"It was gratifying to learn that Kansas City Southern's leadership has Monroe and northeast Louisiana on its radar," Monroe Mayor Jamie Mayo said after a visit with company officials in Kansas City, Mo. Mayo, District 1 Councilman Jay Marx and city engineer Sinyale Morrison met with KCS's chairman Mike Haverty, president and chief executive officer David Starling and KCS board member Rodney Slater.
Slater, who was President Bill Clinton's Secretary of Transportation, set up the meeting. Slater now works for the Washington, D.C.. lobbying firm that represents the city, Ouachita Parish Police Jury and the Monroe Chamber of Commerce.
Mayo said the group showed them a short presentation the company had put together on V-Vehicle and the state's Megasite. "Their whole executive team was at the meeting and we had open discussions about these two sites.

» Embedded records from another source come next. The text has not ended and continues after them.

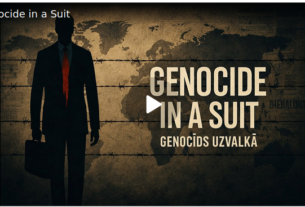 Latvijoje formuojasi pasipriešinimas. Vienas iš pavyzdžių – puikus teisininko Janio Plavins dokumentinis filmas „Genocide in a Suit“: remdamasis savo gimtosios šalies pavyzdžiu, jis įtaigiai parodo, kaip atrodo genocido etapai prieš masines žudynes.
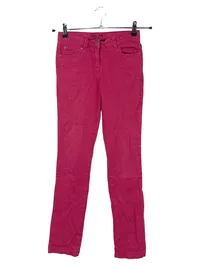 CYRILLUS Kinder Jeans Slim Fit Gr. 152 Rot Casual Baumwolle Hose 1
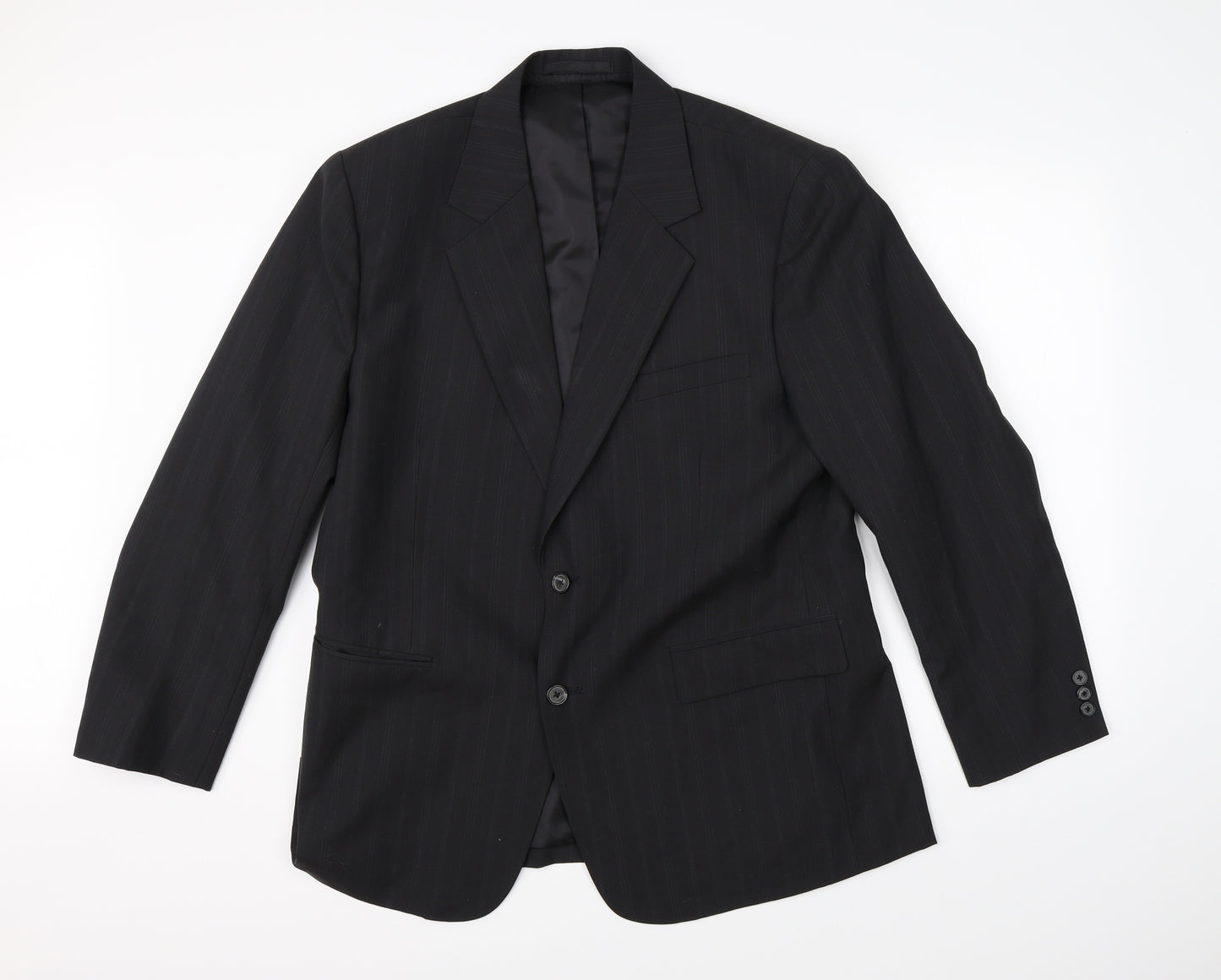 Preworn Mens Grey   Jacket Suit Jacket Size 40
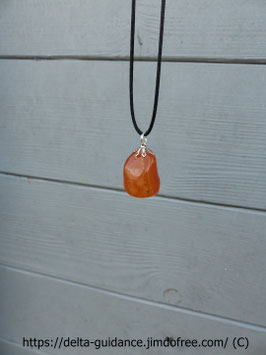 Pendentif cornaline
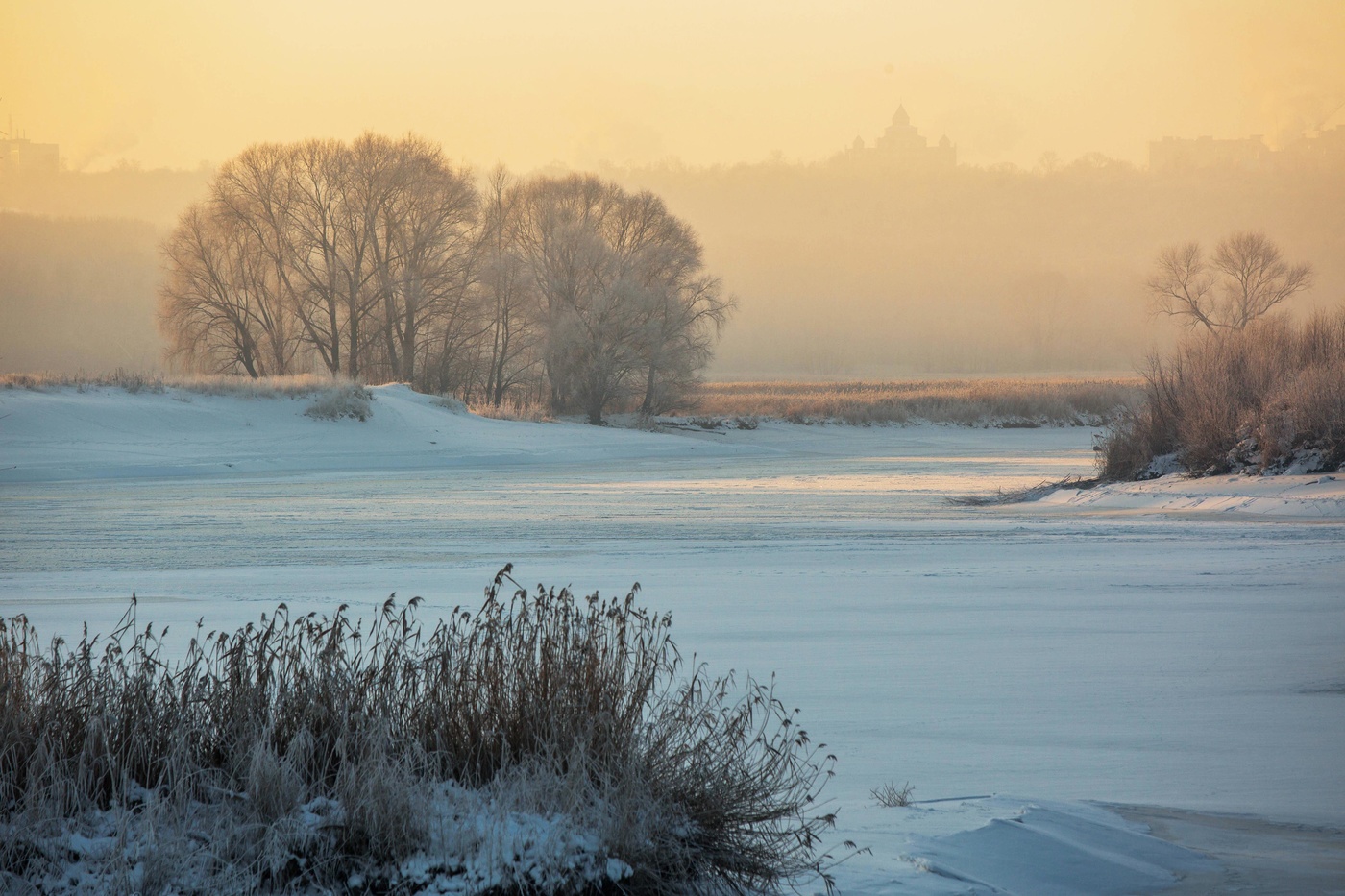 Туманный рассвет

They have us on the map for economic development."
Also a part of Haverty's Power Point presentation included the downtown quiet zone and a proposed quiet zone from Booth Street to Chennault Park. After years of negotiations, closing streets, installing gates and lights at crossings, the city was awarded in November a quiet zone through downtown Monroe where KCS freight trains no longer use their screaming whistles.
The group had a discussion on extending the quiet zone possibly as far as Chennault Park because of complaints about the train whistles from people staying at the Holiday Inn Hotel and Suites at U.S. 165 and Milhaven Road and the Residence Inn at Pecanland Mall.
"They're talking more gates and lights at other crossings and we discussed improvements to the Powell Street crossing where they installed a second track and it's not level with the other," Mayo said. He said vehicles crossing at Powell Street have to ease across the tracks to prevent damage.
Mayo said KCS officials also agreed to have one of its engineers help with the "Bring the Train Back" project at Louisiana Purchase Gardens & Zoo.
"They're doing that as a good corporate citizen," the mayor said. Marx said the two-day trip (Wednesday and Thursday) was important to the city and KCS.
"I am confident this opportunity will lead to a bigger and better partnership," he said.
"We have been working with KCS for quite some time. However, it is always a great opportunity when you can put a name with a face. The success of these meetings will be when more action is taken as some of the goals discussed are implemented," Morrison said of the meeting.
Mayo said a major purpose of the meeting was to build a stronger professional relationship.